CIA warned three Khashoggi associates of imminent Saudi threats
The CIA has warned at least three friends colleagues of Jamal Khashoggi that their continuing pro-democracy activism has singled out them and their families for potential retaliation from Saudi Arabia.
Iyad el-Baghdadi, a Palestinian refugee and activist who was granted asylum in Norway in 2015 after being deported from the UAE, was warned last month by Norwegian security officials that he was a Saudi target for his work, he said on Wednesday.
The CIA had alerted Norway's interior security service, who briefly placed Baghdadi under police protection, to the threat, The Guardian reported.
Omar Abdulaziz, a Saudi dissident and close associate of Khashoggi, and a person living in the US who requested not to be named have also been briefed in recent weeks that they face undisclosed Saudi threats as vocal critics of Crown Prince Mohammed bin Salman, widely known as MbS, TIME reported on Thursday.

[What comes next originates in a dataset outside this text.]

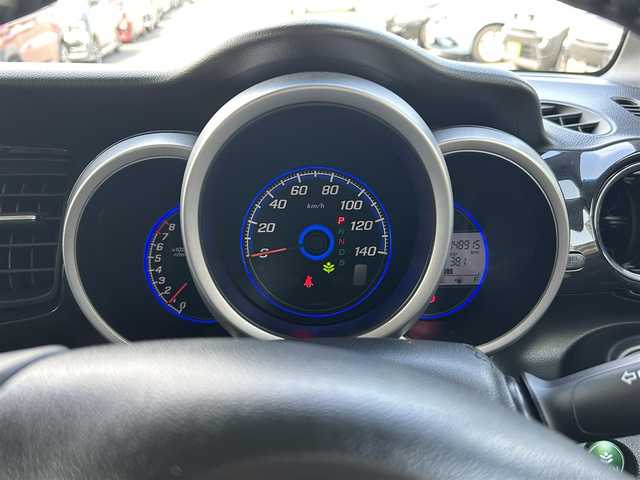 ホンダ Ｎ ＢＯＸ カスタム G ターボSSパッケージ 静岡県 2013(平25)年 4.9万km グレー クルーズコントロール/両側パワースライドドア/横滑り防止装置/プッシュスタート/CD再生、FM/ETC/ドライブレコーダー/純正フロアマット/純正15インチアルミホイール/LEDヘッドライト/ドアバイザー/保証書/取扱説明書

Abdulaziz, a 27-year-old Saudi activist exiled in Canada, was working on a number of projects to support Saudi democracy, including a campaign to counter Saudi government trolls on social media, with Khashoggi before his murder.
He is among several activists and journalists worldwide to have filed lawsuits against the Israeli spyware company NSO Group, who sold its Pegasus hacking software to the Saudi government, which then allegedly used the programme to intercept his communications - including those with Khashoggi.
The anonymous third person allegedly targeted by Saudi Arabia was also working closely with Khashoggi on projects relating to Arab media and social media before his death.
Khashoggi, a Saudi journalist living in the US who had taken a public stance against Prince Mohammed, was murdered in the Saudi consulate in Istanbul last October.
The crown prince is widely suspected, including by the CIA, to have ordered the killing.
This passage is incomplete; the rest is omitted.